Policies and Insurance Contracts - Coverage - Exclusions - Misrepresentation in Obtaining Insurance - Interpretation of Policy - Rights and Duties of Insured - Notice - Relief Against Forfeiture
The court gave effect to the terms of an insuring agreement for a professional liability claims-made-and-reported policy, which provided that the failure to disclose any situation or circumstance which may in the future result in a claim excluded coverage of any action subsequently emanating therefrom. As coverage for this action never existed, the insured could not seek relief against forfeiture.
 O.J. No. 5246
2013 ONSC 7149
Ontario Superior Court of Justice
J.W. Quinn J.
November 19, 2013
The insured, a home inspector, held a claims-made-and-reported professional liability insurance policy.

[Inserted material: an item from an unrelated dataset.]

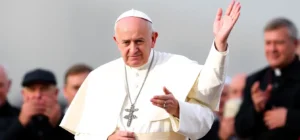 El sorprendente gesto del Papa Francisco antes de su inesperado adiós a Polonia que nadie vio venir 2025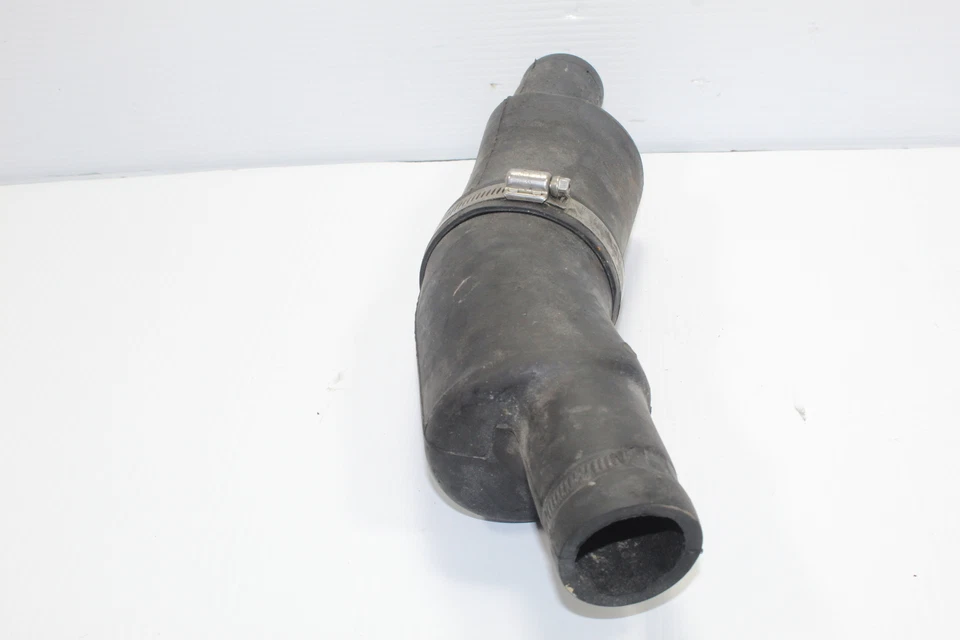 Kawasaki 1988 Jet Ski 300 1978/87-92 440 OEM PIPE, RESNTR. CONNECTR 59151-528 Foto 2 de 4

The insured performed an inspection of a home in July of 2010. Shortly thereafter, a worker attending the home to do repairs in attic was fatally electrocuted. The Ministry of Labour investigated the incident and interviewed the insured on August 25, 2010. The insured recalled seeing and testing loose wiring in the attic at the time of the inspection.
Subsequent to the Ministry interview, the insured sought to renew his professional liability insurance policy. The insured filled out an application which asked if the insured was aware of any situation or circumstance which may in the future result in a claim, to which the insured answered "no". The application also stated that the insured agreed that "if there be knowledge of any such fact, circumstance or situation, any claim or action subsequently emanating therefrom is excluded from coverage under the proposed insurance". The insurer accepted the application and issued the policy ("Policy").
In November of 2011, the worker's family commenced an action against the insured and the insured gave notice to his insurer under the Policy.
The insurer applied for a declaration that the insured does not have coverage under the Policy.
The court noted that the test for awareness of any situation or circumstance which may in the future result in a claim is objective: see Sayle v. Jevco (1984), 58 BCLR 122, affirmed, (1985), 16 CCLI 309 (BCCA). In light of the objective test, the insured "could not overcome the fact of the investigation by the Ministry of Labour and the fact of the inquest, and the conclusion that they called out for notice" to the insurer when the application for the Policy was made.
The court held that the exclusion contained in the Policy application deprived the insured of coverage under the Policy for this risk. Furthermore, relief from forfeiture was not available to the insured because there never was insurance with respect to the excluded risk.